National Company Law Appellate Tribunal (NCLAT) approved ArcelorMittal’s Resolution Plan for Odisha Slurry.
The Appellant challenged the Resolution Plan of Arcelor Mittal India Pvt. Ltd. (AMIPL) on the ground that the Plan is discrimination in the manner of distribution between the similarly situated secured creditors and also with respect to unsecured creditors. The Plan approved by the COC has permitted abatement of the suit filed before the Learned Sealdah Court which is pending before the High Court at Calcutta in Appeal wherein an order of status quo is subsisting relating to the transfer and alienation of the pipeline which is the only asset of the Corporate Debtor. The Plan failed to consider the usage charges receivable by the Corporate Debtor under the Right to Use Agreement (RTU) from ArcelorMittal Nippon Steel India Ltd. (AMNSIL) formerly known as Essar Steel India Ltd. which is owned by the Successful Resolution Applicant i.e. (AMIL). The plan is seeking to discharge the liability of AMNSIL, in respect of the usage charges by payable by AMNSIL to the Corporate Debtor for the CIRP of AMNSIL.
Advocate Abhijeet Sinha, appearing for the appellant, contended that the Appellant despite being a Secured Financial Creditor has not only being treated differently as compared to similarly situated secured Financial Creditors but is subjected to hostile discrimination given that other Secured Financial Creditors have received a higher proportion of their admitted claims as compared to the Appellant.
The respondent contended that the payment, proposed to Essar Steel India Ltd. (ESIL) under the resolution plan is not in violation of code or any other law. It is reiterated that the appellant and the other financial creditors are receiving 100% of the total principal amount owed to them by the Corporate Debtor and the proposal has been accepted and unanimously approved by the members of the COC by applying their commercial wisdom and no provision of law has been violated on account of the same.
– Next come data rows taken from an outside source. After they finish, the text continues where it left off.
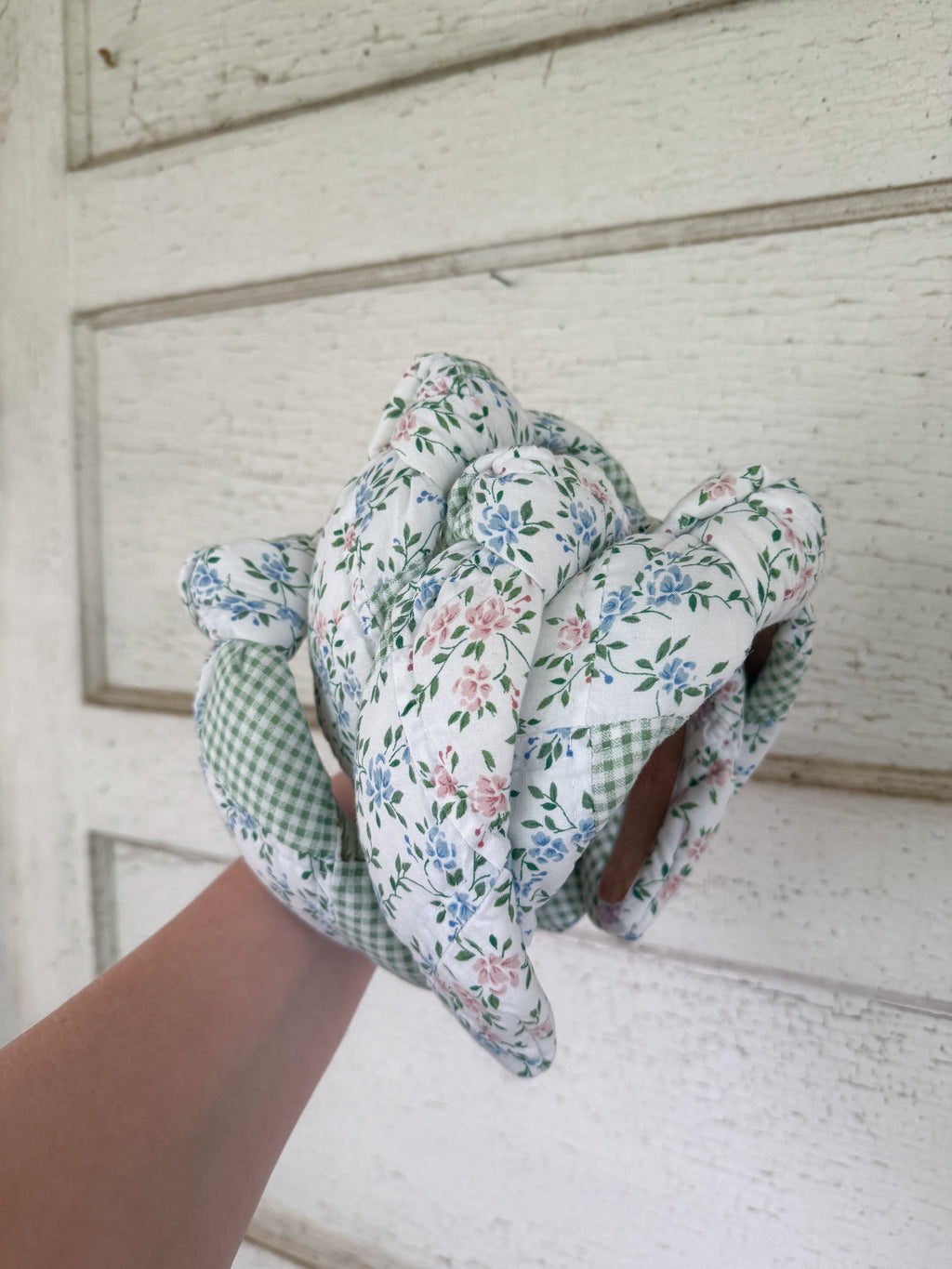 Gingham & Floral Quilt Headbands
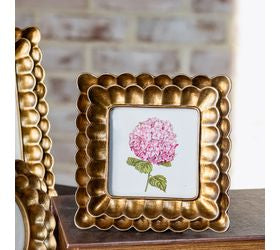 pD HOME 4 X 4 SQ. BRONZE SCALLOP FRAME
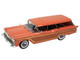 1959 Ford Country Squire Rose with Woodgrain Sides and Green Interior Limited Edition to 200 pieces Worldwide 1/43 Model Car Goldvarg Collection GC-091B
The two member bench of Justice Jarat Kumar Jain and Mr. Kanthi Narahari noted that the commercial wisdom of the COC is paramount. The plan has been unanimously approved by the members of COC by a vote of 100% after applying their commercial wisdom. It is a well settled law that the Wisdom of the COC cannot be questioned unless and otherwise it is against the principles of applicable laws.
The tribunal having held that the plan was approved by the COC by a vote of 100% in its meeting and approved by the Adjudicating Authority, in toto, it did not find any infirmity or illegality in the order passed by the Adjudicating Authority approving the Resolution Plan.
The tribunal while dismissing the appeal refused to interfere with the rejection of the applications filed by the Appellant before the Adjudicating Authority and upheld the rejections of the applications by the Adjudicating Authority.
Case title: SREI Infrastructure Finance Ltd. v/s Shri Ashish Chhawchharia Resolution Professional of M/s. Odisha Slurry Pipeline Infrastructure Limited and Ors.